I think the more correct statement is that there are different models of ZFC in which BB(748) are different numbers. People find that weird because they don't think about non-standard models, as arguably they shouldn't.
How is that possible? That implies there’s at least one specific program whose execution changes based on the ZFC model. The rules of program execution are so simple, it doesn’t make sense that they’d change based on anything like that.
I don’t get it. Let’s say that BB(748) is 10,000. (I realize the true number is somewhat larger, this is just an example that doesn’t change the argument.) That means there’s one or more Turing machines of that size which run for that many steps. All of the others either run for fewer, or never stop.
Running for fewer steps is extremely well defined and I don’t imagine that enters into this.
That means there’s issue is “never stop”? That also seems pretty well defined to me. For BB(748) to vary based on your model, if the machines that run for fewer steps don’t change, then that means one of the machines that never stops in one model will stop in another. Or the BB winner for our model will never stop in another model.
How can changing your model make it so a specific Turing machine goes from stopping after 10,000 steps to never stopping, or from never stopping to stopping after 11,000 steps?
Yes the issue has to do with "never stops". One of the machines that never stops in one model will stop in another model.
So in one model a Turing Machine called R never stops. In another model R stops after Q steps. But here's the issue... Q isn't an actual natural number, what it is is some mathematical object that satisfies all of the properties of a natural number in ZFC, but is not an actual natural number. What it actually is is some infinitely large object that satisfies all of the Peano axioms of what a natural number is as well as satisfies the following set of rules:
Q > 0
Q > 1
Q > 2
Q > 3
...
Q is basically some infinitely large construct that from within the model appears to be finite, but from outside of the model is not finite.
So within this model, the Turing machine R halts after Q steps, and since from within the model Q is finite then from within this model BB(748) is at least equal to Q.
If BB(748) is actually 10,000, then we can add this as an axiom to ZFC to get a new formal theory ZFC + "BB(748) = 10000".

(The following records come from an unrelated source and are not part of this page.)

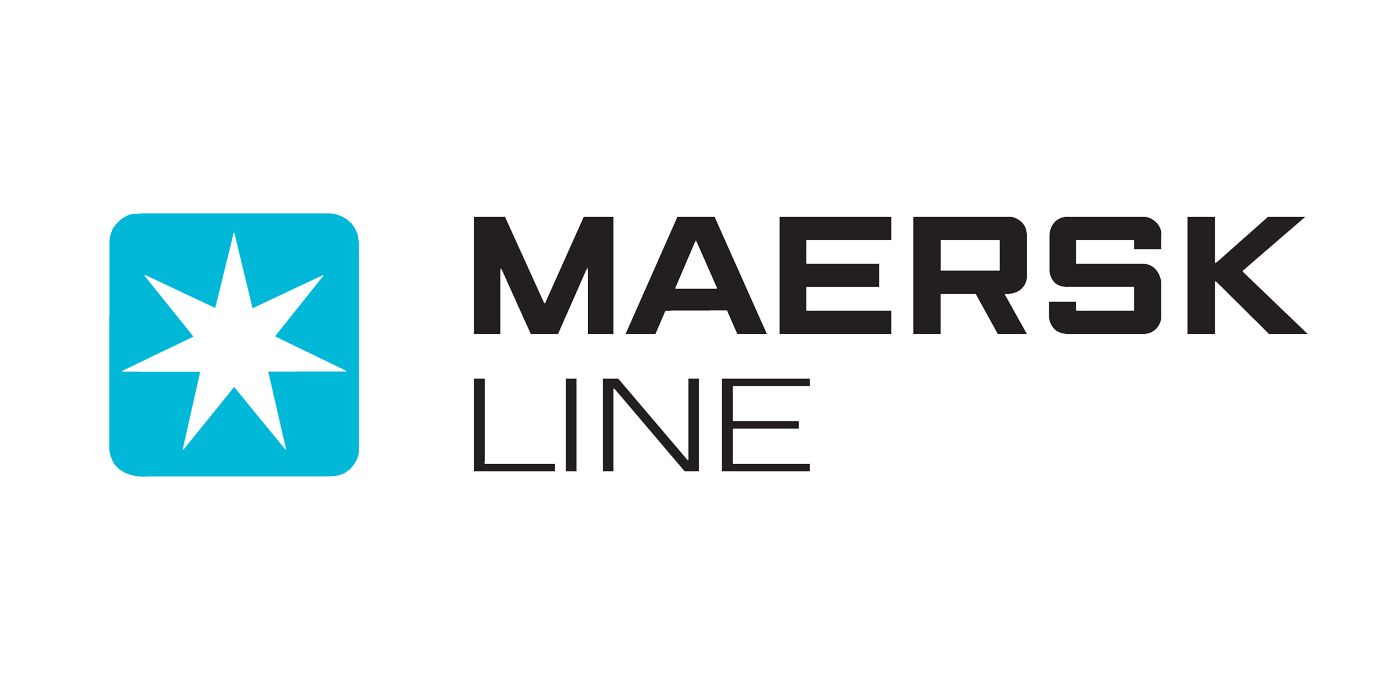 Maersk-Line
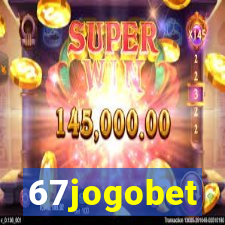 67jogobet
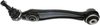 CONTROL ARMS - image 2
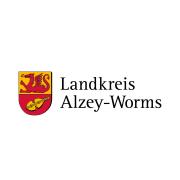 Kreisverwaltung Alzey-Worms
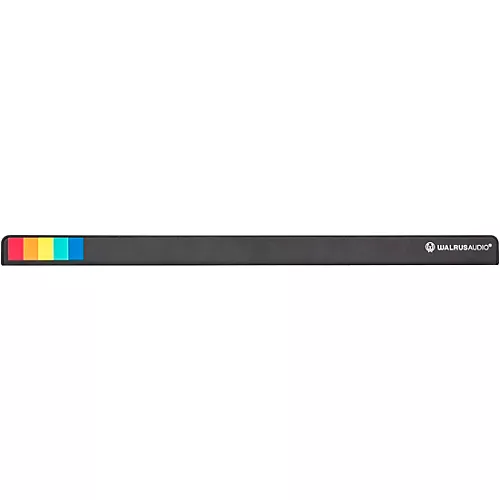 Walrus Audio Canvas Power 22 Power Supply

In this new theory the previous structure that contained Q as an element will not satisfy the definition of a natural number, so we don't have to worry about Q anymore... however, there will exist some number T > 748 where BB(T) is independent of our new theory. For BB(T), there will exist some other model that has its own Q* which satisfies all of our axioms including the axiom that BB(748) = 10000, but also that
What do you mean, Q isn’t a natural number? If you had unlimited time and paper, you could sit down and run the machine by hand, counting each step, until it reaches the halting state. You will have counted Q steps. Or the machine never stops. There’s no such thing as a machine that stops after a number of steps defined by an infinitely large construct. There are machines that stop after some whole number of steps, and there are machines that don’t stop. There are no others.
If there’s another model where this machine doesn’t stop, then that means that at some point during this process, you reach a particular machine state and tape contents and transition to a different state than you did in the first model. That has to happen, because otherwise the execution follows the same process as before, and halts at Q steps. But the mechanics of the machine don’t depend on your theory. They’re just state transitions and tape operations.
Isn't that incompatible with the models being consistent?
Suppose model A proves BB(748) = X and model B proves BB(748) = Y > X. But presumably the models can interpret running all size 748 Turing machines for Y steps. Either one of the machines halts at step Y (forming a proof within A that BB(748) >= Y contradicting the assumed proof within A that BB(748) = X < Y) or none of the machines halts at step Y (forming a proof within B that BB(748) != Y contradicting the assumed proof within B that BB(748) = Y).
I'm guessing the only way this could ever work would be some kind of nastiness like X and Y aren't nailed down integers, so you can't tell if you've reached them or not, and somehow also there's a proof they aren't equal.
The issue is that X and Y are not actual natural numbers. They are mathematical objects that satisfy all the ZFC axioms and Peano arithmetic but are infinitely large. The issue is that ZFC underspecifies natural numbers.
Sure, if someone just gives you the number, ZFC can represent it. But ZFC cannot prove that the value is correct, so how do you know you have the right number? Use a stronger proof system? Go a bit bigger and same issue.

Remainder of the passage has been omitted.